Les gestionnaires assument plusieurs rôles, allant de la création de liens interpersonnels à la gestion de conflits. Alors que les équipes sont de plus en plus morcelées, comment arrivent-ils à donner du sens au travail?

La pandémie a profondément secoué l’organisation du travail. Depuis, nombre d’employés profitent de la flexibilité de pouvoir travailler où ils veulent et quand ils veulent. D’autres arrivent dorénavant à trouver un meilleur équilibre entre leur vie professionnelle et leur vie personnelle.

Dans les organisations, nous avons pris conscience, collectivement, du rôle central de l’information pour accomplir le travail, de l’importance de la confiance dans les relations professionnelles et de la nécessité d’avoir une personne responsable de prendre de bonnes décisions. Selon Henry Mintzberg, il s’agit là des trois aspects fondamentaux du management[1]. Pourtant, lorsqu’on évoque cette notion, on l’associe davantage au leadership des cadres et des dirigeants.

Mais qu’est-ce qu’un leader? Selon le professeur Peter F. Drucker[2], cette personne serait d’abord et avant tout un bon gestionnaire. L’auteur américain Jim Collins va même jusqu’à dire que ceux qui cherchent à diriger mais qui ne savent pas gérer deviendront soit inadaptés, soit dangereux, non seulement pour leur organisation, mais aussi pour la société[3].

La notion de management a beaucoup évolué depuis les années 1950, mais dans l’ensemble, les pratiques de management qu’a décrites Henry Mintzberg il y a plusieurs années sont sensiblement les mêmes aujourd’hui. Le gestionnaire a pour responsabilité d’assurer l’efficacité au sein de l’organisation en donnant à son équipe la direction à suivre et en soutenant les efforts d’innovation, garants de la performance et de la pérennité de l’entreprise. Cela dit, le manque d’efficacité et la quête de sens qu’on observe actuellement dans les sociétés jettent un doute sur les pratiques de management qui y ont cours.
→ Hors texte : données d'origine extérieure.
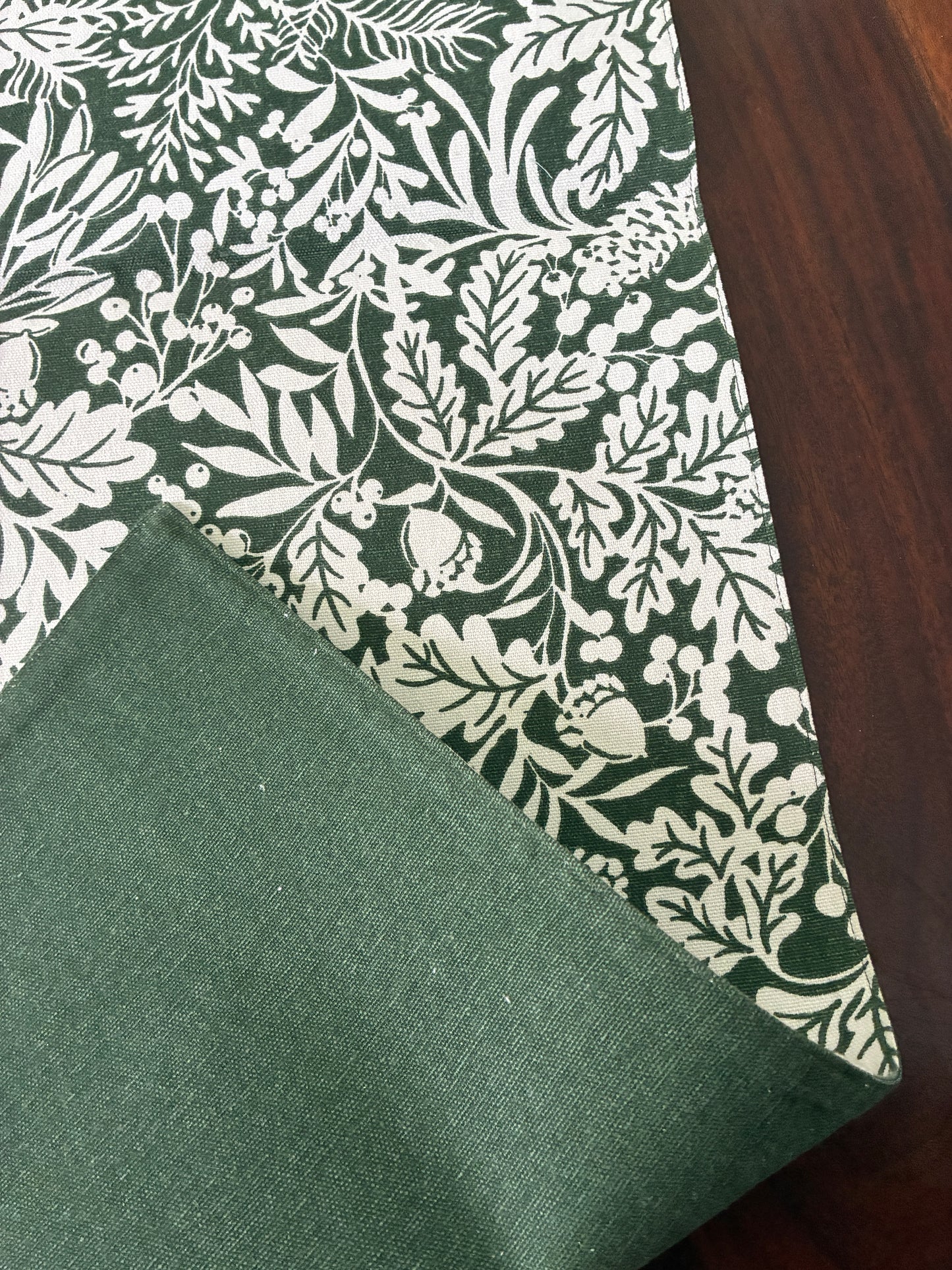 Green Table Runner 7 ft long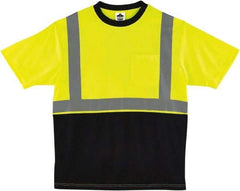 Ergodyne - Size 4XL, Hi-Viz Lime, High Visibility, Short Sleeve T-Pocket, - 58" Chest, 1 Pocket, Polyester - Industrial Tool & Supply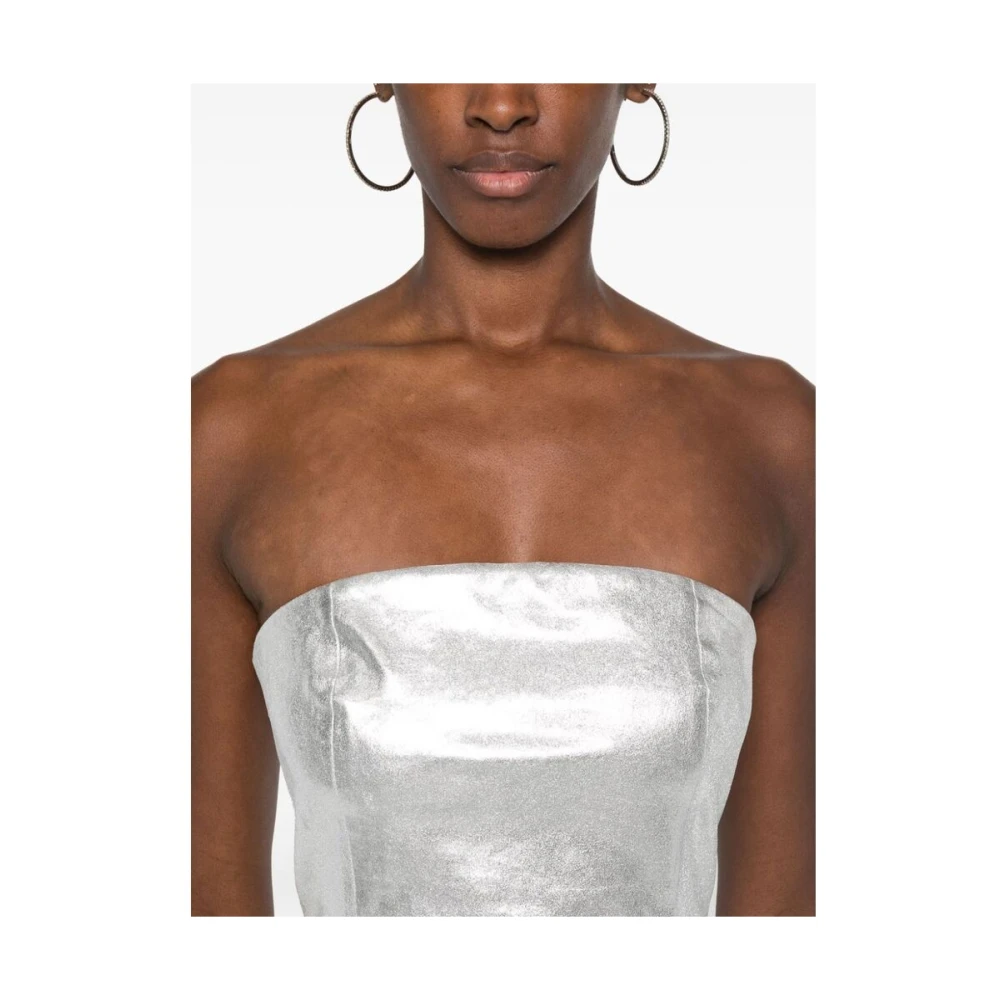 BA&SH Metallic Strapless Jurk met Achtersplit Gray Dames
D’une part, on s’interroge sur la qualité des décisions prises par les gestionnaires et sur leur capacité à bien gérer le travail. On peine à équilibrer la charge de travail, provoquant des réactions de stress chez les employés. Les situations difficiles se multiplient, causant des effets toxiques qui affectent le climat de travail et la santé des employés. Les heures supplémentaires s’accumulent, interférant avec la vie personnelle. Dans un contexte de pénurie de main-d’œuvre, des personnes quittent leur emploi pour un autre qui leur semble plus intéressant.
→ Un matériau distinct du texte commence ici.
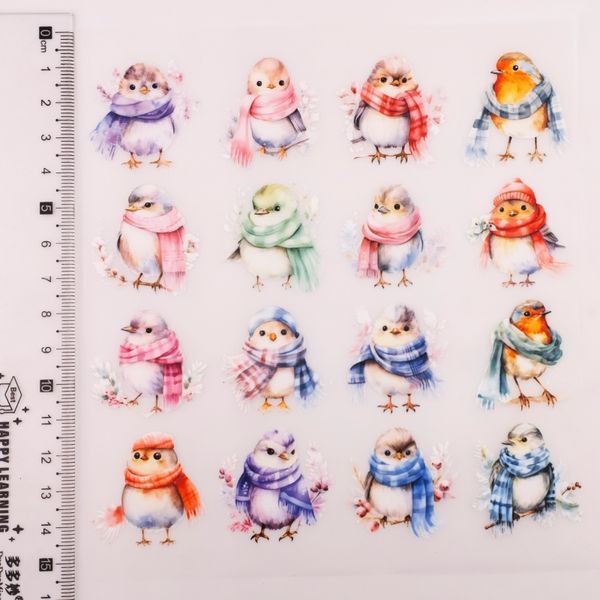 Термоналіпки Зимові пташки 16шт. 15,5х14,5см трмн67 фото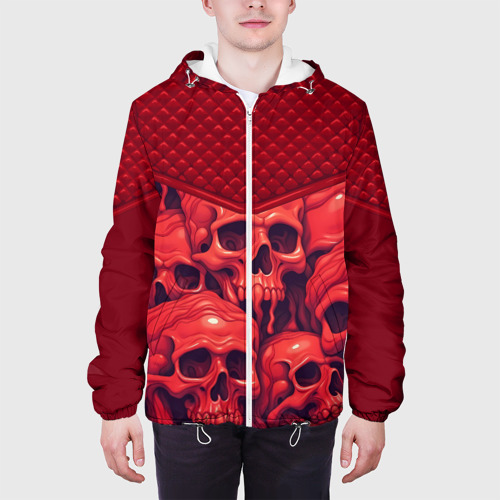 Мужская куртка 3D с принтом Расплавленные красные черепа, вид сбоку #3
D’autre part, on entend des gens se plaindre du fait que leur travail manque de sens ou n’en a plus. On a mis beaucoup d’efforts à décrire comment effectuer le travail pour optimiser la performance, négligeant toutefois les raisons de le faire. Or, si la question du sens pouvait sembler superflue avant la pandémie, elle ne l’est plus aujourd’hui. Pour surmonter les difficultés quotidiennes, maintenir notre engagement et donner la meilleure performance, nous avons tous besoin de donner du sens à notre travail.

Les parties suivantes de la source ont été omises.